(Task inputs begins)

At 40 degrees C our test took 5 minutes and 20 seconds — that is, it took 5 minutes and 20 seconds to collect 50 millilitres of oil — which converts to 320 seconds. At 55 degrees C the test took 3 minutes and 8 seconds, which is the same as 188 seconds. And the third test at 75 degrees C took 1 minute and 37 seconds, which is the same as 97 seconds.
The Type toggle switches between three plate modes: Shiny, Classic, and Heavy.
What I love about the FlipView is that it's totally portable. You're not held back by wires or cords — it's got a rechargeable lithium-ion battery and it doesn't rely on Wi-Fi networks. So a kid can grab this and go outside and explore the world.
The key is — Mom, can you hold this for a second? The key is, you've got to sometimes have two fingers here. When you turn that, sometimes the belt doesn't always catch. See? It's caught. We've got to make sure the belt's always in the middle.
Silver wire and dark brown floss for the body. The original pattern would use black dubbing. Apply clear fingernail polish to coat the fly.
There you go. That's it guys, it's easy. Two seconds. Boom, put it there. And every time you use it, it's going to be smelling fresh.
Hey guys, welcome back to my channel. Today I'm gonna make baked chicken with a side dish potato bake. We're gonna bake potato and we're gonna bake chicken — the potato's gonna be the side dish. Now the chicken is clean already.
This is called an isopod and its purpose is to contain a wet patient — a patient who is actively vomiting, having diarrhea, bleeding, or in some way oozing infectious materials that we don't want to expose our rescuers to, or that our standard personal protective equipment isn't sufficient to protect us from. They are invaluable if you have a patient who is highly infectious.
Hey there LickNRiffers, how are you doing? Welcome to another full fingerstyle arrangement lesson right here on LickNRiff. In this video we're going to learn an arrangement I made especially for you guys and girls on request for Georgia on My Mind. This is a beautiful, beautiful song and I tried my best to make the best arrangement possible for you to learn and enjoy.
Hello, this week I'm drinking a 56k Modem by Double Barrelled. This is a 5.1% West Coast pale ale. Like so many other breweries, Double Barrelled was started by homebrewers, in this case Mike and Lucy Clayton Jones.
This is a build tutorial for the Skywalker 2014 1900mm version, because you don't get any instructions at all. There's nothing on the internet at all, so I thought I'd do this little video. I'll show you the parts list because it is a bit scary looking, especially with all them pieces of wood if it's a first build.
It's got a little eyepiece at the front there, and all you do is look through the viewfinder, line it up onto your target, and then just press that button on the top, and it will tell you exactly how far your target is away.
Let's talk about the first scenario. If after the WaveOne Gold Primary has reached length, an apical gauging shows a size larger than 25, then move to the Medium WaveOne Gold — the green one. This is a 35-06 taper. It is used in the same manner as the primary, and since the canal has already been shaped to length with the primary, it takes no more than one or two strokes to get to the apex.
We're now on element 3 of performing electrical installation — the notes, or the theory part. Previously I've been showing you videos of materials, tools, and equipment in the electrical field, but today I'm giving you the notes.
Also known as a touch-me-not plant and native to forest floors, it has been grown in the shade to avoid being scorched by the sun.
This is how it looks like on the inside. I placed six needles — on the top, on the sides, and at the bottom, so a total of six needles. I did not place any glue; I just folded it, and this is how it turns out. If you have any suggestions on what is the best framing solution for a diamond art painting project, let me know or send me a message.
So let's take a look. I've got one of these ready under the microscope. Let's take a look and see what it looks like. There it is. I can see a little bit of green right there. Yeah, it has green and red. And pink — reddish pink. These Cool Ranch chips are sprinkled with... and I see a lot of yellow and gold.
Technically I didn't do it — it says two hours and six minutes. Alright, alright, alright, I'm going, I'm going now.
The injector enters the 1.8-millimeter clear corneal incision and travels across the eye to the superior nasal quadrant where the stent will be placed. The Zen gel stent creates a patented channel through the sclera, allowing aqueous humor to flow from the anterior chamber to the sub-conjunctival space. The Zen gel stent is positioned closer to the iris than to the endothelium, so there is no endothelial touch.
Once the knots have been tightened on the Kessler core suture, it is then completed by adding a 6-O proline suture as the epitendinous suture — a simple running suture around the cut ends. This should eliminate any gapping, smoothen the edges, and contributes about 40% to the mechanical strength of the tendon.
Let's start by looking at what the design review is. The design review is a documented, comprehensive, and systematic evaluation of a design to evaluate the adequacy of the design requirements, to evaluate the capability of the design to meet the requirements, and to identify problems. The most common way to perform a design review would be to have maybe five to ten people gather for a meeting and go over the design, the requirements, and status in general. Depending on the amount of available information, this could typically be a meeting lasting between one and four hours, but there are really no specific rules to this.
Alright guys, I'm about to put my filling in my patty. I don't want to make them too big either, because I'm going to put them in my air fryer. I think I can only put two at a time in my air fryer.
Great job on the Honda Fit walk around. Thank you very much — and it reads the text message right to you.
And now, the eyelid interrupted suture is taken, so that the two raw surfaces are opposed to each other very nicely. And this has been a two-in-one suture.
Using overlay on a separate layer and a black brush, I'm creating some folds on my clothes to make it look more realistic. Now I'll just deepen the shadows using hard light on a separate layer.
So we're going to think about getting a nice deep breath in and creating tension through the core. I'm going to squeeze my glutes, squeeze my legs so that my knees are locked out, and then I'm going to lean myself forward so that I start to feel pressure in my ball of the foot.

(Task inputs ends)

◆ Task statement ◆
Nothing in the records may be altered; restate them word for word.

◆ Finished task ◆
At 40 degrees C our test took 5 minutes and 20 seconds — that is, it took 5 minutes and 20 seconds to collect 50 millilitres of oil — which converts to 320 seconds. At 55 degrees C the test took 3 minutes and 8 seconds, which is the same as 188 seconds. And the third test at 75 degrees C took 1 minute and 37 seconds, which is the same as 97 seconds.
The Type toggle switches between three plate modes: Shiny, Classic, and Heavy.
What I love about the FlipView is that it's totally portable. You're not held back by wires or cords — it's got a rechargeable lithium-ion battery and it doesn't rely on Wi-Fi networks. So a kid can grab this and go outside and explore the world.
The key is — Mom, can you hold this for a second? The key is, you've got to sometimes have two fingers here. When you turn that, sometimes the belt doesn't always catch. See? It's caught. We've got to make sure the belt's always in the middle.
Silver wire and dark brown floss for the body. The original pattern would use black dubbing. Apply clear fingernail polish to coat the fly.
There you go. That's it guys, it's easy. Two seconds. Boom, put it there. And every time you use it, it's going to be smelling fresh.
Hey guys, welcome back to my channel. Today I'm gonna make baked chicken with a side dish potato bake. We're gonna bake potato and we're gonna bake chicken — the potato's gonna be the side dish. Now the chicken is clean already.
This is called an isopod and its purpose is to contain a wet patient — a patient who is actively vomiting, having diarrhea, bleeding, or in some way oozing infectious materials that we don't want to expose our rescuers to, or that our standard personal protective equipment isn't sufficient to protect us from. They are invaluable if you have a patient who is highly infectious.
Hey there LickNRiffers, how are you doing? Welcome to another full fingerstyle arrangement lesson right here on LickNRiff. In this video we're going to learn an arrangement I made especially for you guys and girls on request for Georgia on My Mind. This is a beautiful, beautiful song and I tried my best to make the best arrangement possible for you to learn and enjoy.
Hello, this week I'm drinking a 56k Modem by Double Barrelled. This is a 5.1% West Coast pale ale. Like so many other breweries, Double Barrelled was started by homebrewers, in this case Mike and Lucy Clayton Jones.
This is a build tutorial for the Skywalker 2014 1900mm version, because you don't get any instructions at all. There's nothing on the internet at all, so I thought I'd do this little video. I'll show you the parts list because it is a bit scary looking, especially with all them pieces of wood if it's a first build.
It's got a little eyepiece at the front there, and all you do is look through the viewfinder, line it up onto your target, and then just press that button on the top, and it will tell you exactly how far your target is away.
Let's talk about the first scenario. If after the WaveOne Gold Primary has reached length, an apical gauging shows a size larger than 25, then move to the Medium WaveOne Gold — the green one. This is a 35-06 taper. It is used in the same manner as the primary, and since the canal has already been shaped to length with the primary, it takes no more than one or two strokes to get to the apex.
We're now on element 3 of performing electrical installation — the notes, or the theory part. Previously I've been showing you videos of materials, tools, and equipment in the electrical field, but today I'm giving you the notes.
Also known as a touch-me-not plant and native to forest floors, it has been grown in the shade to avoid being scorched by the sun.
This is how it looks like on the inside. I placed six needles — on the top, on the sides, and at the bottom, so a total of six needles. I did not place any glue; I just folded it, and this is how it turns out. If you have any suggestions on what is the best framing solution for a diamond art painting project, let me know or send me a message.
So let's take a look. I've got one of these ready under the microscope. Let's take a look and see what it looks like. There it is. I can see a little bit of green right there. Yeah, it has green and red. And pink — reddish pink. These Cool Ranch chips are sprinkled with... and I see a lot of yellow and gold.
Technically I didn't do it — it says two hours and six minutes. Alright, alright, alright, I'm going, I'm going now.
The injector enters the 1.8-millimeter clear corneal incision and travels across the eye to the superior nasal quadrant where the stent will be placed. The Zen gel stent creates a patented channel through the sclera, allowing aqueous humor to flow from the anterior chamber to the sub-conjunctival space. The Zen gel stent is positioned closer to the iris than to the endothelium, so there is no endothelial touch.
Once the knots have been tightened on the Kessler core suture, it is then completed by adding a 6-O proline suture as the epitendinous suture — a simple running suture around the cut ends. This should eliminate any gapping, smoothen the edges, and contributes about 40% to the mechanical strength of the tendon.
Let's start by looking at what the design review is. The design review is a documented, comprehensive, and systematic evaluation of a design to evaluate the adequacy of the design requirements, to evaluate the capability of the design to meet the requirements, and to identify problems. The most common way to perform a design review would be to have maybe five to ten people gather for a meeting and go over the design, the requirements, and status in general. Depending on the amount of available information, this could typically be a meeting lasting between one and four hours, but there are really no specific rules to this.
Alright guys, I'm about to put my filling in my patty. I don't want to make them too big either, because I'm going to put them in my air fryer. I think I can only put two at a time in my air fryer.
Great job on the Honda Fit walk around. Thank you very much — and it reads the text message right to you.
And now, the eyelid interrupted suture is taken, so that the two raw surfaces are opposed to each other very nicely. And this has been a two-in-one suture.
Using overlay on a separate layer and a black brush, I'm creating some folds on my clothes to make it look more realistic. Now I'll just deepen the shadows using hard light on a separate layer.
So we're going to think about getting a nice deep breath in and creating tension through the core. I'm going to squeeze my glutes, squeeze my legs so that my knees are locked out, and then I'm going to lean myself forward so that I start to feel pressure in my ball of the foot.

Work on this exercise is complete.